The success of virtual collaboration has led Seattle Children’s to implement a hybrid workplace strategy that seeks to last beyond the pandemic. The program, called SC@Work, ultimately allocates space for a two-to-one seat sharing ratio, transitioning employees to a hoteling environment that aims to have employees working at home at least 40 percent of the time.
While the new way of working hasn’t been fully implemented because of COVID-19 work-from-home mandates, Hansen says the employee net promoter score surveys the organization has conducted shows it’s moving in the right direction.
Hansen explains that the company uses a popular marketing metric known as a net promoter score, which uses a scale from -100 to +100; anything over zero is considered good, above 20 is favorable, and above 50 is excellent. “Our goal is always to score 20 or above,” Hansen explains. “Our last survey came back at 42, and we’re excited to see how this plays out once everyone settles in.”
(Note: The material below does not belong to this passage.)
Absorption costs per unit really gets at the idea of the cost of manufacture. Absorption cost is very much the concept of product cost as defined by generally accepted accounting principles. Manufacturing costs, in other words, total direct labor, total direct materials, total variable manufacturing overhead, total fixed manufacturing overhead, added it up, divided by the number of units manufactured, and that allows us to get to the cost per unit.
For a team that has somewhere around 90 projects on the books at any given time, Hansen is remarkably positive about the hybrid approach. “Do we really need a room that can house 200 people to get that true integration and collaboration?” Hansen asks, referencing a “Big Room” Lean construction concept that her team wanted to implement during its next Building Care project. “It’s an interesting question and one the construction team had the opportunity to face head-on during this project.”
The Next Phase
With the completion of Forest B, Hansen’s team now sets its sights on the third phase of its vast expansion: Forest C. Hansen hopes it will play out more as a bookend to Forest A, and not have similar complexities to Forest B.
“I just keep thinking that it’s going to be a cakewalk compared to what we’re just finishing,” the senior director says, chuckling. “We continue to need additional beds, and that project should bring 208 more to our campus.”
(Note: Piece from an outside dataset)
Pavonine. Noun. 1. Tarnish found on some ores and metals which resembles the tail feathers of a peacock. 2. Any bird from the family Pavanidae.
Through each phase, Hansen’s educational training has proven integral. The senior director is always thinking about the ways in which her department is communicating to the broader organization. It’s easy to see that commitment illustrated in the well-maintained construction blog online, and more broadly in the way that Hansen views her role.
“I see our function as vital to providing the right type of space for us to reach our mission, which is to care for every child who needs us,” Hansen explains. “There are so many challenges with escalating build costs, the overall healthcare sector, and our constricted space. But it helps to remember why we’re doing this. We’re creating space for everybody who needs us.”